Não serão poucas as questões que se insinuam desde essa conceituação tão rasamente bela quanto profundamente autoritária. Tratarei de algumas aqui. Mas não sem antes reconhecer a transparência discricionária do presidente; porque tal definição condensa o ânimo que motorizou, por exemplo, as manifestações governistas de 26 de maio: a ideia de que a condição de líder carismático eleito de maneira contundente determine a subjugação dos demais poderes republicanos à agenda do governante popular.
Na origem dessa visão de mundo jacobinista influente, claro, está o desprezo pela atividade política e, logo, o entendimento da democracia representativa como entrave burocrático ao avanço do país: o Congresso compreendido como ameaça, a encarnação do establishment, a máquina defensora de interesses corporativos, não raro tratada como sindicato do crime, que operaria para inviabilizar os compromissos de campanha — espécie de imperativo divino inquestionável — assumidos por Bolsonaro.
Não se pode negligenciar o grau de crença religiosa que a trajetória e o discurso do presidente agregam a esse movimento de desqualificação da política. O homem foi esfaqueado em plena campanha, nos braços do povo, e não perde oportunidade de encaixar sua sobrevivência como a comprovação de que ora cumpriria uma missão de Deus. Uma engrenagem de fé personalista cujo fim virtuoso autorizaria a sociedade a prescindir dos freios e contrapesos que equilibram a República: porque o presidente, vítima e sobrevivente, foi eleito, quase à morte, defendendo tais e quais bandeiras, não lhes endossar incondicionalmente transformaria o Parlamento — reduzido a despachante do Executivo — em traidor da vontade popular.
Essa é a construção narrativa que impulsionou os atos governistas de 26 de maio, destinados a intimidar o Legislativo (já criminalizado pelo lavajatismo), e que ancora a pretensão bolsonarista de enfraquecer (ainda mais) o Congresso por meio de uma (improvável) mobilização popular constante — o que chamei de “plebiscito permanente”.
Voltemos, pois, à democracia segundo Bolsonaro: aquela cuja plenitude dependeria de a classe política estar perfeitamente afinada com os anseios da população. Parece bonito. Vende desapego. É sedutor. Mas: que “população” seria essa? Melhor: o que seria “população”? Essa pergunta precisa ser enfrentada à luz de um sistema de credos que vilipendia mediações e que tem centro num mito anabolizado por delegação celestial e com ambições de falar diretamente ao rebanho. Mais: o que seria uma afinação perfeita? Essa indagação precisa ser encarada sem que se perca de vista que o ímpeto de mobilização popular tem a atividade política como prática delinquente — algo só controlável sob pressão e medo.

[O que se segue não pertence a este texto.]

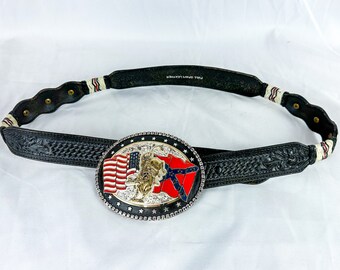 Vintage Black Leather Belt with Large Cowboy Rodeo Buckle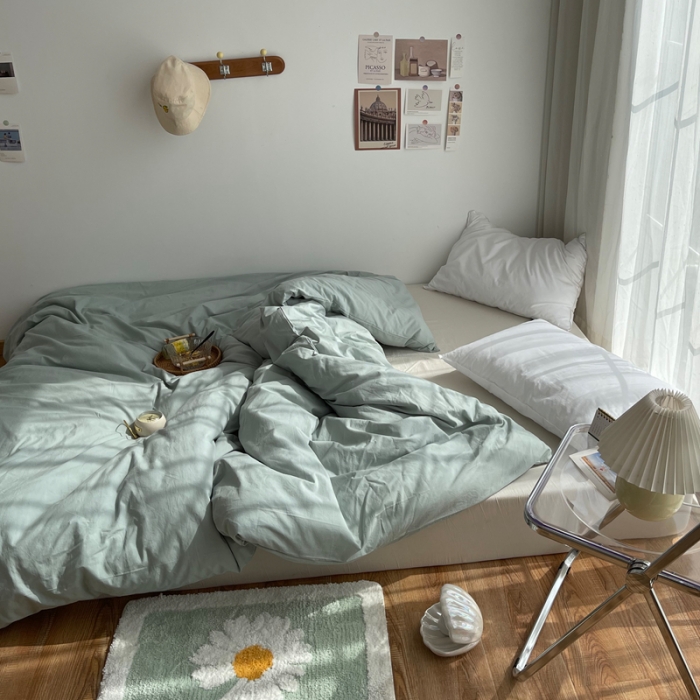 91家纺网 家纺一手货源 找家纺 安莱生活 2021新款全棉水洗棉单被套 青柠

Assim, sugiro, não se deve avançar sem medir a probabilidade de “afinação perfeita” ser o mesmo que submissão total à população. Tampouco se deve esquecer de que o agente político para quem a democracia derivaria de a classe política estar “afinada” aos desejos do povo é o mesmo que classificou os cidadãos que protestaram contra seu governo como “idiotas úteis”. Donde se infere que, para Bolsonaro, não haveria anseios da população nas pautas de oposição. Donde se infere que, para Bolsonaro, os anseios da população só seriam anseios se coincidentes com os de Bolsonaro.
A questão, portanto, continua sendo o que significaria, de acordo com a democracia bolsonarista, esse ente “população”.

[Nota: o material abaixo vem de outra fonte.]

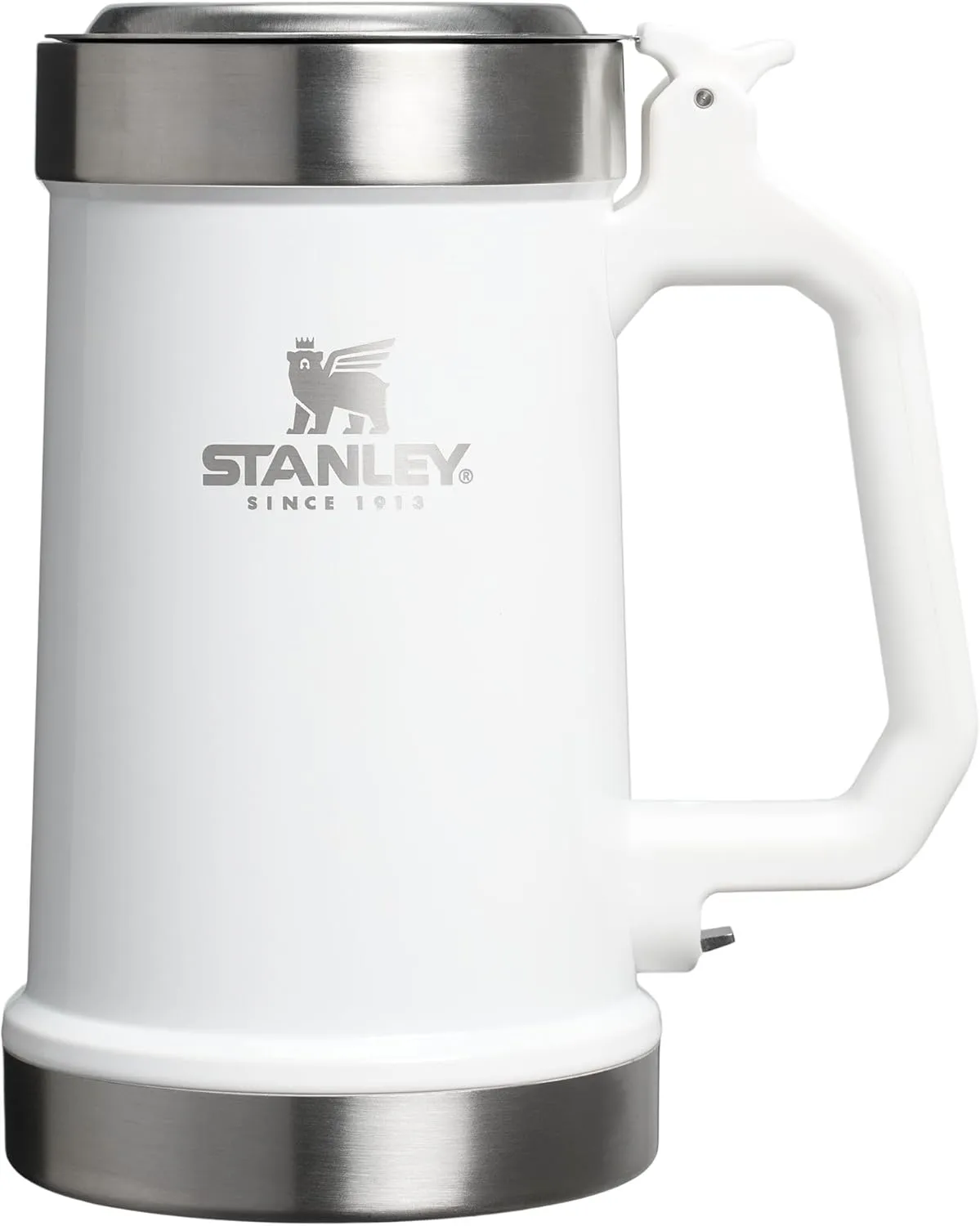 Stanley Classic Bottle Opener Beer Stein 24 oz | Flip Up Lid and Heavy Duty Handle with Built In Bottle Opener | Insulated Stainless Steel Beer Mug | BPA-Free | Hammertone Green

A fala do presidente exprime uma visão totalitária; uma abordagem que, a rigor, mais do que confundir povo com governante popular, anula essa diferença, suprime mesmo o valor impessoal de representação, para fazer emergir o governante, o ungido, que é a população — a população que é o governante. Daí por que convido o leitor a refletir sobre se a definição “democracia é a classe política estar perfeitamente afinada com os anseios da população” não poderia ser substituída, para benefício de seu peso real, por “democracia é a classe política estar perfeitamente afinada com os anseios do governante”.